C’est le « restaurant new forest », appelé plus communément « l’environnement » (car c’est le resto de l’antenne du ministère du même nom), où je mangeais presque une fois par jour, et où les serveurs ont été d’une égale inefficacité en trois mois et demi, ce qui me faisait beaucoup rire et beaucoup râler les Burkinabè. C’est donc riz sauce / riz gras / tô le soir, et parfois aussi haricot (et donc aussi mélange = riz gras – haricot) / haricot vert / ragoût (d’igname) / fonio / couscous arabe (et je crois que c’est tout en cette saison en tout cas).

C’est Yves qui m’offrait des poules, dont une encore aujourd’hui que j’ai donné à Anatole pour qu’elle fasse des poussins, pour le plus grand bonheur de mes amis végétariens et/ou soucieux de la vie des animaux comestibles.

C’est la cathédrale de béton, pas si moche en fait. J’aurais beaucoup aimé monter au haut de son clocher pour avoir une vue sur la ville. Une prochaine fois.

C’est les tas de petites mosquées traditionnelles en terre.

C’est Rachel, c’est Mariam, c’est Maïga, Cissé, Zacharia et Sylvain, c’est Marie, la femme d’Anatole, et leurs petites, Rosa et Laeti ; et des tas d’autres gens évidemment ; et des tas d’autres choses.

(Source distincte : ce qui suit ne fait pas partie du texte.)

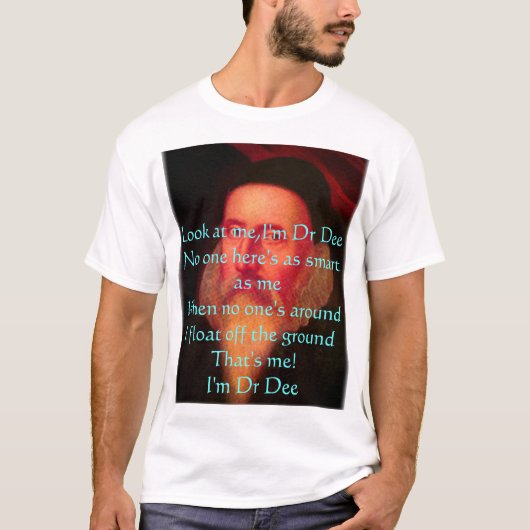 shirtDee3, kijk me aan, ik ben Dr. DeeNiemand hier T-shirt (Voorkant)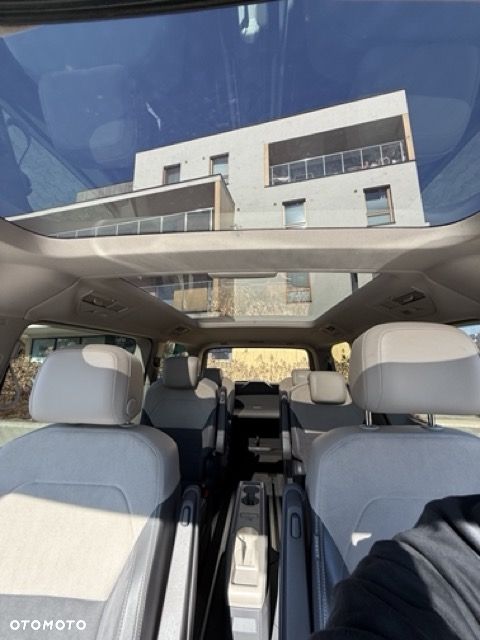 Volkswagen Multivan 2.0 TSI L2 Style DSG - 25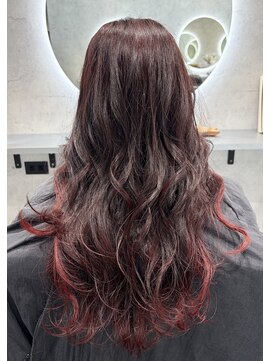 深めレッドカラー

C’était la Tabaski, c’était Noel avec les filles.

C’est Louis.

C’est Anatole.

Et c’est presque tout ce blog.

 

Voila. C’était a l’occasion de mes dernières 48h a Nouna. M’étant rendu compte en parlant avec Kathrin qu’il me restait moins d’une semaine au Burkina. Et moins de 48h a Nouna. Ce qui veut dire aussi moins de 48h avant de déguster des pates a la carbonara et une mousse au chocolat (a Ouaga) et moins d une semaine avant de me goinfrer de fromage et de saucisson ! Préparez vos frigos, remplissez vos placard, je m apprête à tout dévaliser en toute légitimité !

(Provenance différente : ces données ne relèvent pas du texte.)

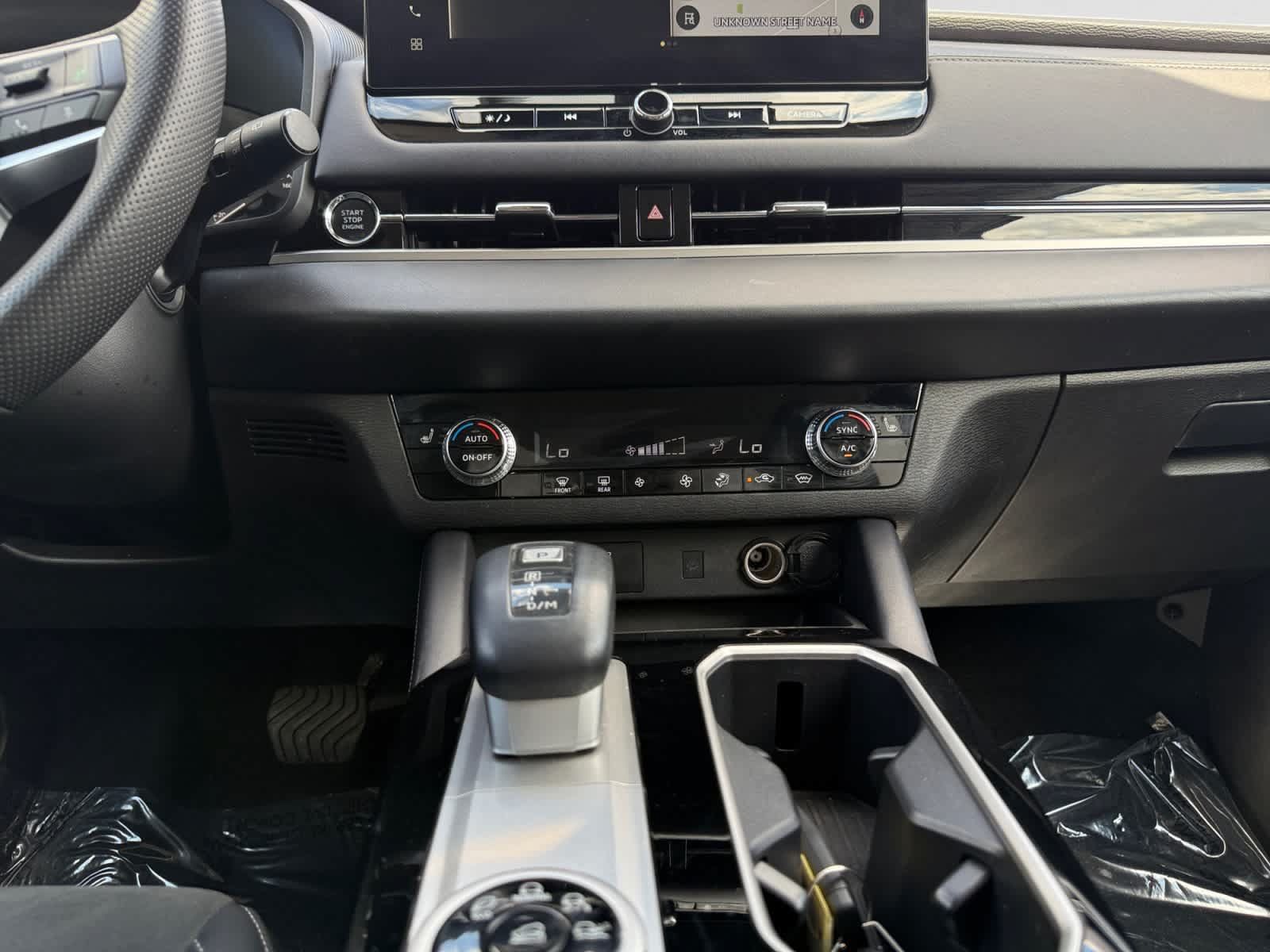 Used 2025 Mitsubishi Outlander SE AWD/4WD image 11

A l’heure où je peux poster cet article, il me reste à peine plus de 12h. Nous sommes jeudi 12… ce qui veut dire qu’en toute logique, demain c’est vendredi 13. Jour de malheur parce que je quitte Nouna, mais de bonheur parce que je vais faire un trajet sans incident ? Ce qui n’est pas quelque chose de si évident avec LTI (Liza Transport International, s’il vous plait).

Ne pas lire ce message avec un ton nostalgique : je voulais seulement rappeler tous les bons (et moins bons !) souvenirs qui me lient à cette charmante petite ville.

Et puis de toute façon… I will be back !

Nouna, c’est surtout le marchand de yaourt peul (le marchand, pas le yaourt, même s’il vient des vaches des Peuls) qui m’en offrait systématiquement un avant chaque commande, discutait un quart d’heure de tout et de rien, et m’a finalement donne une photo.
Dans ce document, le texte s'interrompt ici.